* DATASET
[Start of Attachment]
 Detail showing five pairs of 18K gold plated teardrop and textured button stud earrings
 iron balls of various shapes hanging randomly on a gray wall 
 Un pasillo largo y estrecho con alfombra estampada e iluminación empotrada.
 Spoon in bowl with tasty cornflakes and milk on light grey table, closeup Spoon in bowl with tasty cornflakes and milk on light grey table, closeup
[End of Attachment]
[Start of Attachment]
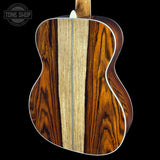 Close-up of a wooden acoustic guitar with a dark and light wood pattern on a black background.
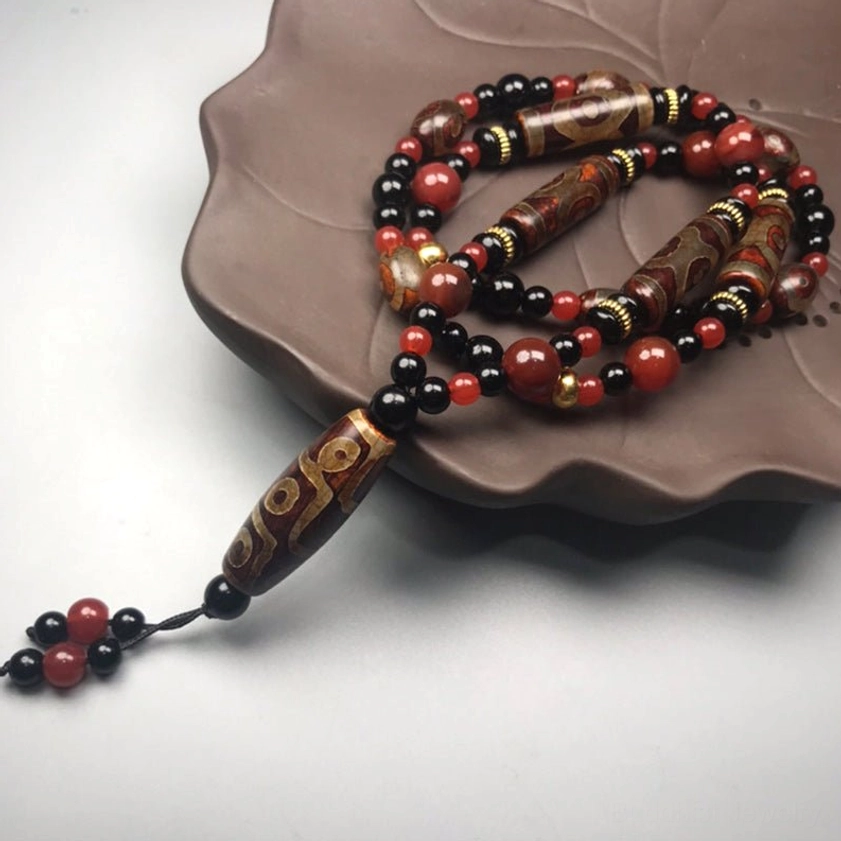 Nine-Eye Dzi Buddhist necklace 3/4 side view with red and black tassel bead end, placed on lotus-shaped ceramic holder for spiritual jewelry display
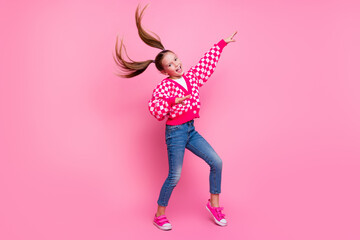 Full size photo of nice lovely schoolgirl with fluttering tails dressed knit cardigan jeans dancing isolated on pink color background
[End of Attachment]
[Start of Attachment]
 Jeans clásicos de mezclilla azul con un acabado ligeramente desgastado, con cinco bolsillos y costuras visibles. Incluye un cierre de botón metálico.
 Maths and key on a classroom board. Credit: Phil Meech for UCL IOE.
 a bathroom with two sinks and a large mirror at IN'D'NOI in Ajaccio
[End of Attachment]
* WHAT IS BEING ASKED
Where the listing above reaches the line that contains "Detail showing five", start retyping, and finish with the line that contains "Un pasillo largo"; reproduce those lines exactly and no others.

* EXERCISE ANSWER
 Detail showing five pairs of 18K gold plated teardrop and textured button stud earrings
 iron balls of various shapes hanging randomly on a gray wall 
 Un pasillo largo y estrecho con alfombra estampada e iluminación empotrada.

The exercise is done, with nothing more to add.